News you can use

Havre native captures the world in photographs

A new photography exhibit on display at the H. Earl Clack Museum this month allows a glimpse of life as it is lived half a world away, seen through the eyes of Havre native Kris Erickson.

Erickson, a professional photographer, culled the 12 photos from more than 10,000 pictures taken during travels that have taken him to the far reaches of the globe in the last six years.

"I chose these images because they have a common theme," Erickson said. "They're talking about people living an existence that's not necessarily modern although it is the present."

Erickson's journey started with hobbies - climbing and skiing. When he decided to switch his major from landscape design to photography in 1993 at Montana State University-Bozeman, the pair went together naturally.

"I started combining my love for outdoors and adventures with my photography in school," he said. "Eventually they kind of merged into what was actually a job for me." A job that most people only dream of.

After Erickson got his bachelor's degree in photography from MSU in 1997, he went on a mountaineering expedition to Peru with friends. The North Face outdoor clothing company paid him for his pictures. That fall he went to Pakistan for five weeks to photograph a Nike spokesman on a climbing expedition there.

"It was just the tip of the iceberg," Erickson said. The next six years found him hired to travel to places like Tibet, Antarctica, the Alps and Argentina, and others to photograph expeditions. He has taken photographs for articles in sports magazines like National Geographic Adventure, Sports Illustrated, Climbing, Outside, and several European magazines, and for ads for companies like The North Face, Nike, Patagonia and Marmot.

"It's a decent way of paying the bills," Erickson said, the ordinary statement sounding strange coming from someone who does such extraordinary - and often dangerous - work.

While he was being paid to photograph climbers and skiers, Erickson widened his frame.

"I started looking beyond subjects I was being paid to photograph to other subjects," said Erickson, who likened the life he saw in remote places to going back in time 100 years. "They were living an existence that was very very foreign to me and I was fascinated by that."

The exhibit draws from Erickson's expeditions to Peru, Pakistan, Nepal and Tibet.

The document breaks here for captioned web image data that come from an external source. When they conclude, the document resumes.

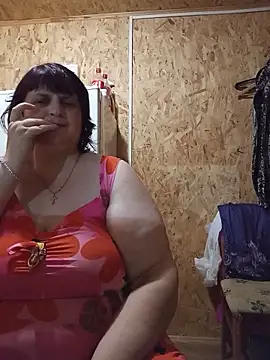 LisichkaOksana online show from June 10, 2026, 7:48 pm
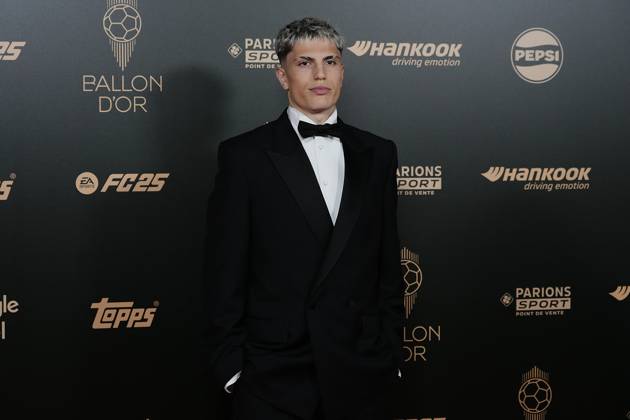 68th Ballon D Or Photocall At Theatre Du Chatelet In Paris PARIS, FRANCE - OCTOBER 28: Alejandro Garnacho of Manchester United, ManU and Argentina nominee for the Kopa Trophy attends the 68th Ballon D Or Photocall at Theatre Du Chatelet on October 28, 2024 in Paris, France. Paris France  Copyright: xJosexBretonx originalFilename:bretonhernandez-68thball241028_npwTt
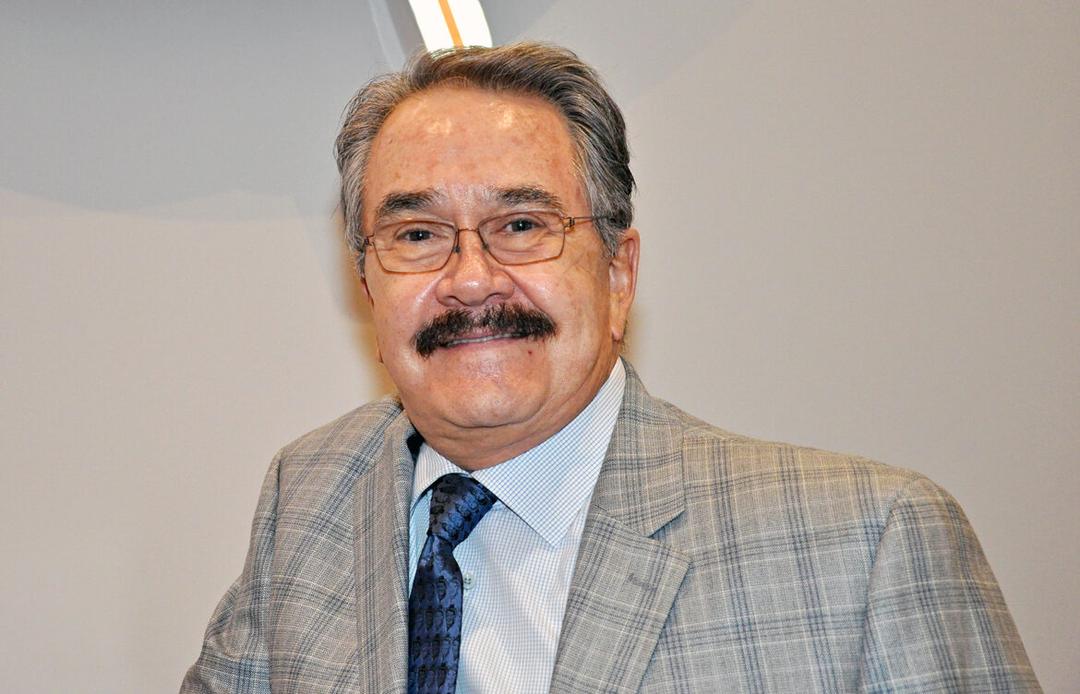Pedro Sola es operado de emergencia
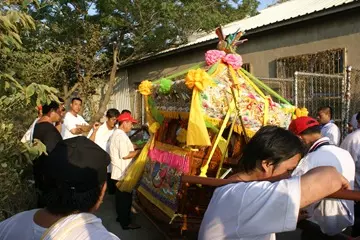 校園鬧厲鬼! [媽祖]長驅直入校園與鬼王談判! 談判破裂媽祖只能來硬的。。。。 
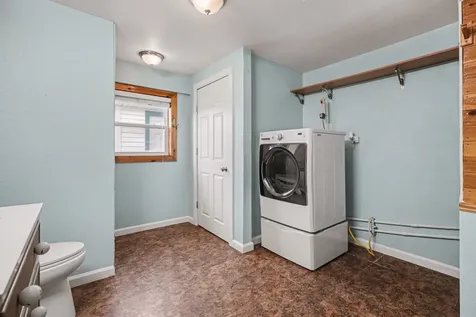 557 Pompano Street Bayou Vista TX 77563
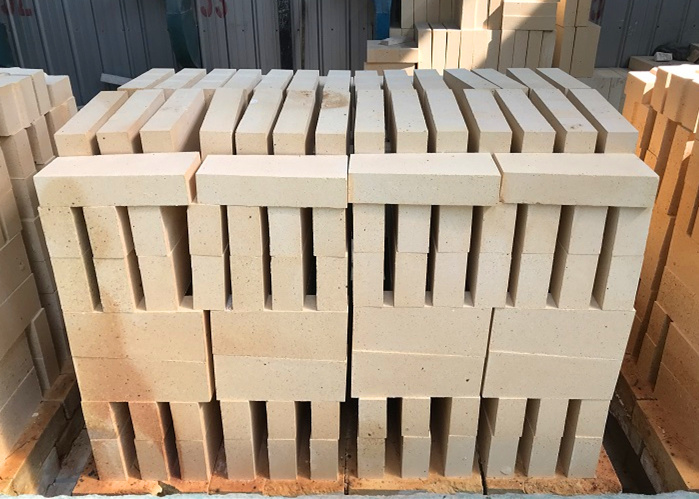 Low creep high alumina bricks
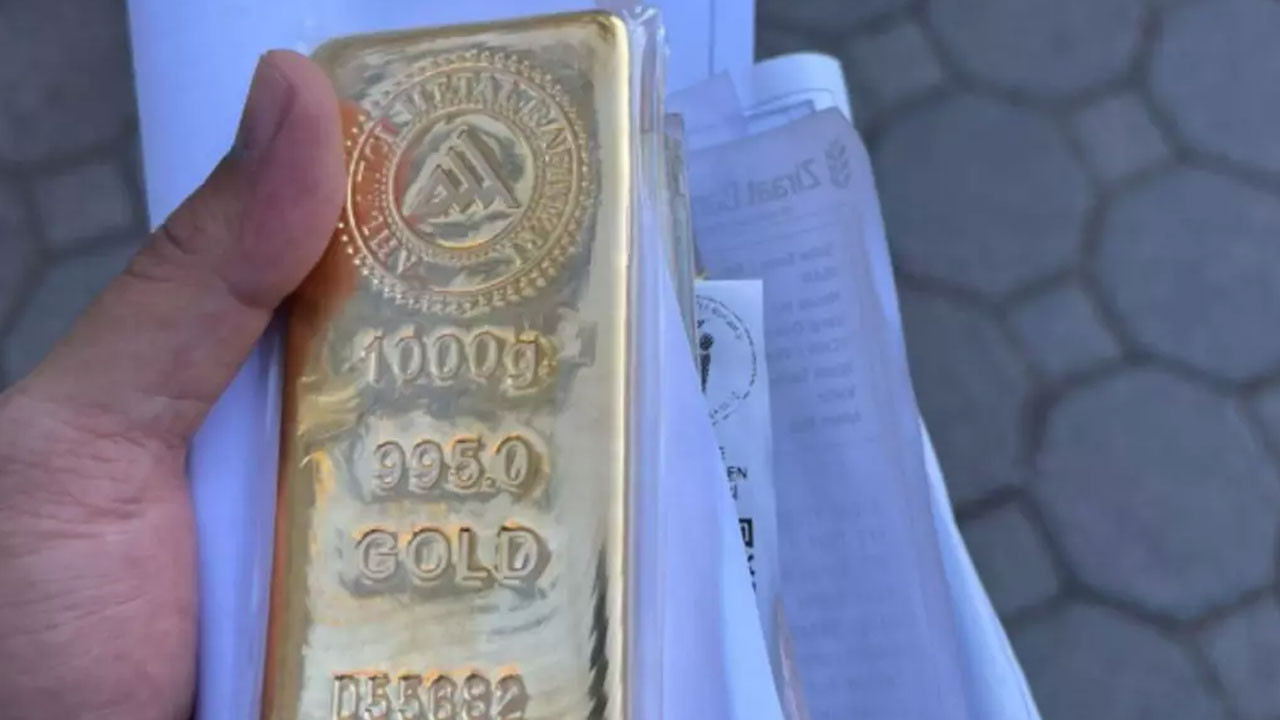 Fiyatlar düşünce evini satıp, 1 kilo altın aldı! İddiası olay oldu: "1-2 yıla 4 ev alırım"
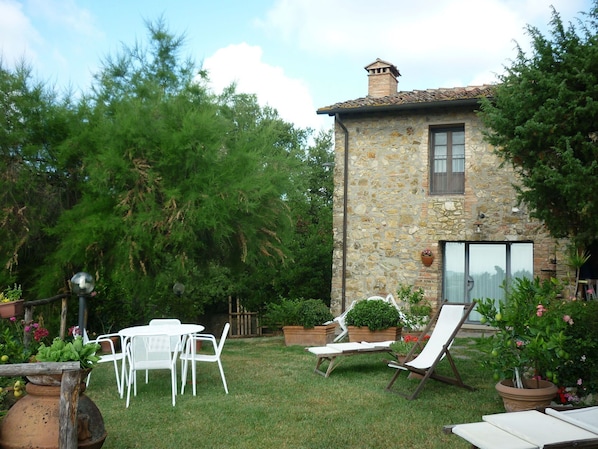Building Exterior, Garden, Main Entrance, Outdoor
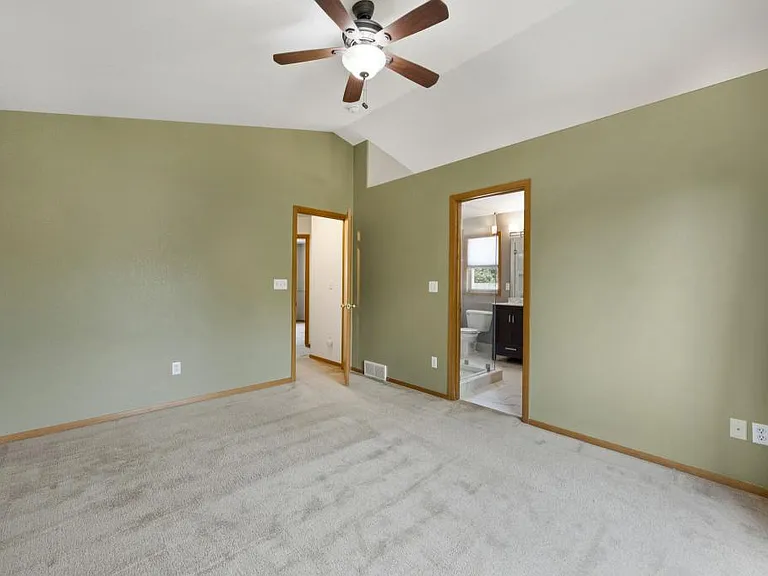 2456 Mary Beth Ct — Photo 11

Climbers and Westerners are absent. The colors are often startling and vivid, the lifestyles traditional, the dark eyes disarming.

"The cultures I'm referring to, they're often in very stark landscapes," Erickson said. "The color that they wear themselves can often be the only color in the area, so it can tend to draw you into it." Red and gold cloaks abound in the photographs, as well as more subtle touches like the a green fringe against a brown neck, and sparks of red paint on a white Peruvian city wall.

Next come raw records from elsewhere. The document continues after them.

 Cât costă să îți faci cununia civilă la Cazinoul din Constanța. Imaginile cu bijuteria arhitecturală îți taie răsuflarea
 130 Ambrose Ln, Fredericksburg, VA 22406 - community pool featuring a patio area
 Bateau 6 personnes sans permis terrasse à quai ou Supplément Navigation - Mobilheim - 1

Several of the photos involve pictures of people working - a Pakistani gunmaker before a glowing forge, a Tibetan yak herder, Peruvian wheat farmers on a ridgetop.

"They're all sort of going about their daily routines," Erickson said. "It's almost like it's an environmental portrait of these people in most instances - often they're not very camera-aware."

The exhibit also has a more interior, even spiritual side. The brightly colored veils of students at a girls' school in Pakistan fill two of the pictures.

"You can see what it feels like being a girl in an Islamic country when you've just been allowed to get up and go to school," Erickson said, drawing attention to their arresting gazes straight at the camera. "You can't see things like that if you can't look into their eyes ... These girls were very proud that they were going to school."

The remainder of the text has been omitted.